Eliminate Duplicate Data
Sensitive data from a secure database can easily be found on a document, spreadsheet, email, or shared folders where employees can see it without proper access. Therefore, it is sensible to clean up stray data and remove duplicates.
Data Backup
Data backups are a critical process in addition to removing duplicates and ensuring data security. Permanent loss of data can be avoided by backing up all necessary information, and it goes a long way. Back up the data as much as possible as it is critical as organizations may get attacked by ransomware.
Access Control
Another vital data security practice is access control. Individuals in an organization with any wrong intent can harm the data. Implement a model where users who need access can get access is also a successful form of access control. Sensitive servers should be isolated and bolted to the floor, with individuals with an access key are allowed to use them.
Keep an Audit Trail
In case of a data breach, an audit trail will help you track down your source. In addition, it serves as breadcrumbs to locate and pinpoint the individual and origin of the breach.
Conclusion
Data collection was difficult not too long ago. It is no longer an issue these days. With the amount of data being collected these days, we must maintain the integrity of the data. Organizations can thus make data-driven decisions confidently and take the company ahead in a proper direction.

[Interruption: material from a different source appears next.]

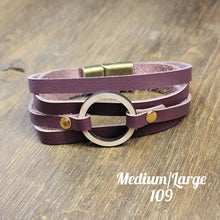 Load image into Gallery viewer, Leather Wrap Bracelet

Frequently Asked Questions
What are integrity rules?
Precise data integrity rules are short statements about constraints that need to be applied or actions that need to be taken on the data when entering the data resource or while in the data resource. For example, precise data integrity rules do not state or enforce accuracy, precision, scale, or resolution.
What is a data integrity example?
Data integrity is the overall accuracy, completeness, and consistency of data. A few examples where data integrity is compromised are:
• When a user tries to enter a date outside an acceptable range
• When a user tries to enter a phone number in the wrong format
• When a bug in an application attempts to delete the wrong record
What are the principles of data integrity?
The principles of data integrity are attributable, legible, contemporaneous, original, and accurate. These simple principles need to be part of a data life cycle, GDP, and data integrity initiatives.